- Theatrical release poster
- Directed by: Robert Schwartzman
- Written by: Benjamin Font; Robert Schwartzman;
- Produced by: Mel Eslyn; Robert Schwartzman;
- Starring: Johnny Simmons; Amy Landecker; Beverly D'Angelo; Frankie Shaw; Alan Ruck; Shay Mitchell; Nick Thune; Jason Schwartzman; Noël Wells; Talia Shire;
- Cinematography: Benjamin Kasulke
- Edited by: Chris Donlon
- Production companies: Beachwood Park Films; Tilt/Shift Films;
- Distributed by: Orion Pictures; Gunpowder & Sky;
- Release dates: April 14, 2016 (Tribeca Film Festival); November 11, 2016 (United States);
- Running time: 84 minutes
- Country: United States
- Language: English

= Dreamland (2016 film) =

Dreamland is a 2016 American comedy-drama film directed by Robert Schwartzman in his directorial debut, from a screenplay by Benjamin Font and Schwartzman.
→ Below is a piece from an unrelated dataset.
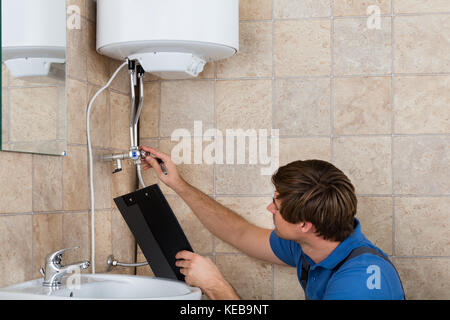 Male Plumber Checking Electric Boiler And Holding Clipboard At Home Stock Photo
It stars Johnny Simmons, Amy Landecker, Jason Schwartzman, Noël Wells, Alan Ruck, Beverly D'Angelo, Talia Shire, Shay Mitchell, Frankie Shaw and Nick Thune.

The film had its world premiere at the Tribeca Film Festival on April 14, 2016. The film was released in a limited release and through video on demand by Orion Pictures and Gunpowder & Sky on November 11, 2016.

==Premise==
Monty Fagan (Johnny Simmons), a pianist, begins a relationship that upends his home life.

==Production==
In March 2015, it was revealed Robert Schwartzman would direct the film in his directorial debut from a screenplay by him and Benjamin Font, with Johnny Simmons, Amy Landecker, Frankie Shaw and Beverly D'Angelo would star in the film, while Schwartzman and Mel Eslyn producing.

==Release==
The film had its world premiere at the Tribeca Film Festival on April 14, 2016. Shortly thereafter, Orion Pictures and Gunpowder & Sky acquired US and Latin American rights to the film and set the release date for November 11, 2016.

===Critical reception===
Dreamland received mixed-to-positive reviews from film critics. Review aggregator Rotten Tomatoes gave the film a 67% approval rating, based on nine reviews, with an average rating of 5.92/10. On Metacritic, the film holds a rating of 55 out of 100, based on 4 critics, indicating "mixed or average" reviews.